Data shown
================================

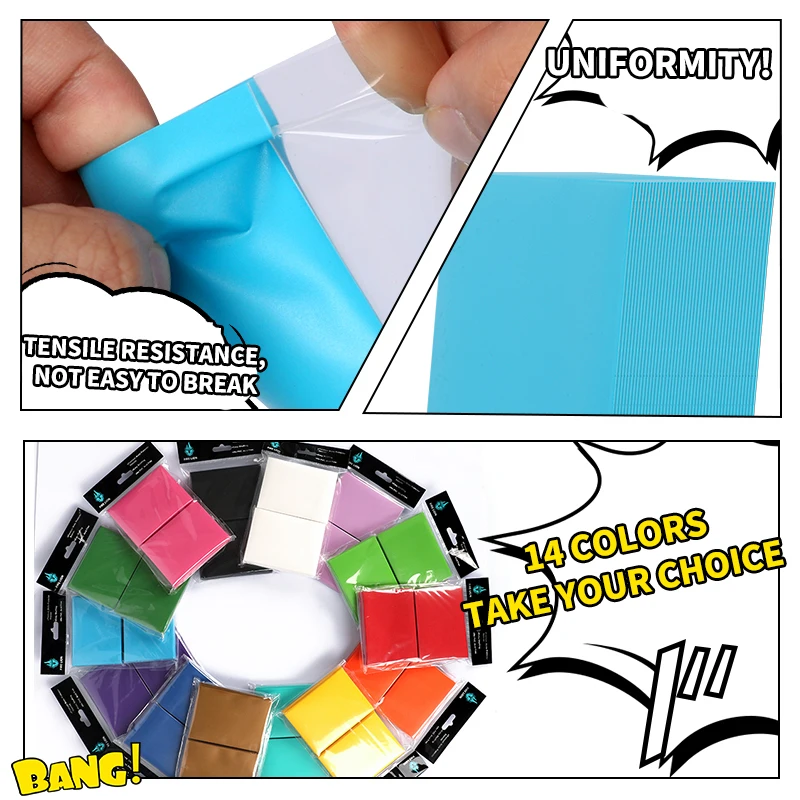 

100 шт., 66x91 мм, матовые рукава для развлекательных карт, держатель для TCG, защита для MTG, рукава для карт, игровые карты, матовый рукав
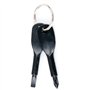 TRIXES Outil Porte-Clés Noir Tournevis Phillips et Plat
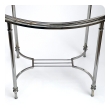 A Stylish French Art Deco Nickel-plated Oval Side/Coffee Table in the Style of Maison Jansen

================================

Task instructions
In the listing, find the line with "TRIXES Outil Porte-Clés" and retype exactly from there through the last line, both included, leaving the pictures out.

Reply to the exercise
 TRIXES Outil Porte-Clés Noir Tournevis Phillips et Plat
 A Stylish French Art Deco Nickel-plated Oval Side/Coffee Table in the Style of Maison Jansen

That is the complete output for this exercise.